Well, talk like this always makes me feel uneasy because one likes to think that the BBC has standards, even if nobody else does these days. I mean, the BBC wouldn't pull the plug on a programme, would it? The BBC wouldn't refuse to put out news or reports which it thought risky, would it? Would it?
I was thinking about all this when I was listening to the Monday repeat of Radio 4's News Quiz, that sterling programme which ranges between silly nonsense and hard-hitting comedy. Interestingly, there wasn't a single reference to the Orbit matter, but I suppose that's the sort of question they reserve for Any Questions?, which is Radio 4's version of News Quiz for people who can only think at half speed. I had turned on as much as anything to listen to Jeremy Hardy, who manages to say the most outrageous things in a harmless tone of voice which conceals the fact that he's getting away with murder. This week, for instance, when asked to comment on reports that Princess Diana's legs were a bit fat because she had too much cellulite, he replied: "Of all the things you could accuse her of, it's such a minor one. I mean, she's a social-climbing, free-loading parasite who looks like a lunatic in interviews and is sending her children to boarding school so that they can turn into the same sort of emotional cripple as their father (and they talk about what a great mother she is) and then people have a go at her for having fat legs! Well, if you work out with rugby players, you get fat legs, I suppose ..."
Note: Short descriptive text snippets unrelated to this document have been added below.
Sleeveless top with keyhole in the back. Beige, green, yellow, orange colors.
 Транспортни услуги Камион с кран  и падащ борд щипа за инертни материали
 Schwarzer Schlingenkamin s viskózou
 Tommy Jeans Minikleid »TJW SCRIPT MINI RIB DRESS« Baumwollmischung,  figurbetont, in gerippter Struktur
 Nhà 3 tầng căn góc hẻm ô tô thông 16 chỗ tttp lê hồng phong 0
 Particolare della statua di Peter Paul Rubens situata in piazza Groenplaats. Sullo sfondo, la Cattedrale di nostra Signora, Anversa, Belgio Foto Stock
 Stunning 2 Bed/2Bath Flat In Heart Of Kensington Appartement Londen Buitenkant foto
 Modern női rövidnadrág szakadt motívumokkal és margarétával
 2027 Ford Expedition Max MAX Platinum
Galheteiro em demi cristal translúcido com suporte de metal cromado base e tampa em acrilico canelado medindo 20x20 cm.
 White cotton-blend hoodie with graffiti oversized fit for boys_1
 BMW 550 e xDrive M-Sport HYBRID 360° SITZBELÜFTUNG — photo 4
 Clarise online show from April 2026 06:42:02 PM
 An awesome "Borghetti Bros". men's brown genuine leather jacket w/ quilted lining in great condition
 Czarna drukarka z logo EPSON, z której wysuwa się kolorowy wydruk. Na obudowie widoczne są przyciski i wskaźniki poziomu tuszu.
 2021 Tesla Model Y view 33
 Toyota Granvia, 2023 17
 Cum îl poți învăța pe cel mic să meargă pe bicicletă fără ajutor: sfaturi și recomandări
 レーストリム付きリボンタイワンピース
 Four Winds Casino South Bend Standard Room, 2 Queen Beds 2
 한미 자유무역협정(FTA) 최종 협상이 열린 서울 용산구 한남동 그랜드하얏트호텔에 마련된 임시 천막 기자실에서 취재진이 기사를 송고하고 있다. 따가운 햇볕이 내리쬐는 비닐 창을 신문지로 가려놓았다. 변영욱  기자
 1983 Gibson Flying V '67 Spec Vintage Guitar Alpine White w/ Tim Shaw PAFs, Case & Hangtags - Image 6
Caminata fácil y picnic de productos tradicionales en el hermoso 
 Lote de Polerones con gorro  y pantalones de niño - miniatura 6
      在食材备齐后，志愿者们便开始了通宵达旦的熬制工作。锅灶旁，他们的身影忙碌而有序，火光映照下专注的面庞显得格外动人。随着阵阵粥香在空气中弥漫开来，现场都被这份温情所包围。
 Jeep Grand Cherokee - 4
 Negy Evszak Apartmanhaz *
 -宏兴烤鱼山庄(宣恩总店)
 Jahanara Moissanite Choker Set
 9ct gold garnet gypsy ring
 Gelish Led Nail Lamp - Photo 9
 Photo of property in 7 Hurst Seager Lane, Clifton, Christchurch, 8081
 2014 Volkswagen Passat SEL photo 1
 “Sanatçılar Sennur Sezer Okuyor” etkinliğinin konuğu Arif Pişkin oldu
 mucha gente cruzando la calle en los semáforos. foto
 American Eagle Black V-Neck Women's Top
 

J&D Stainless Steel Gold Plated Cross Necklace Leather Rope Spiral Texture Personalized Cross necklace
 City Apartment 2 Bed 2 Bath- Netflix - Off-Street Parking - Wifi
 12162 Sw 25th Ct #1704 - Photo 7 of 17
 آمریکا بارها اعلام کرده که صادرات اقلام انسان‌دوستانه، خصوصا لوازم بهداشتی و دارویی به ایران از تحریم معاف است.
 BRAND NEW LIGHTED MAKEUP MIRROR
Rip-roaring stuff. If they had answers like that on Any Questions? instead of the party propaganda we have to put up with, I'd listen to it. But it did occur to me that if anyone senior at the BBC was listening to the programme, he might have some doubts about the propriety of this material. The BBC is not always renowned for its courage these days, and now that only 10 per cent of the workforce is actually making programmes while the other 90 per cent are thinking of ways to get the charter renewed, it would not be beyond credibility to interfere with stuff like this.
A moment later, Jeremy Hardy was being even more contentious. The topic had come up of the huge amount of theft and missing property reported from the Home Office, and Hardy chipped in with a barbed comment on Michael Howard. (Why do people keep on having a go at poor old Michael Howard? The poor chap is only doing his best. It's not Michael Howard's fault if his best is so pathetically bad.)
"Something else went from the Home Office," said Hardy, "because Michael Howard used to have the priceless recollection that his father was an asylum-seeker and he appears to have lost this memory altogether now."
Hmmm ... if I was a BBC bigwig, I thought, I would think seriously about taking this delightful stuff off air.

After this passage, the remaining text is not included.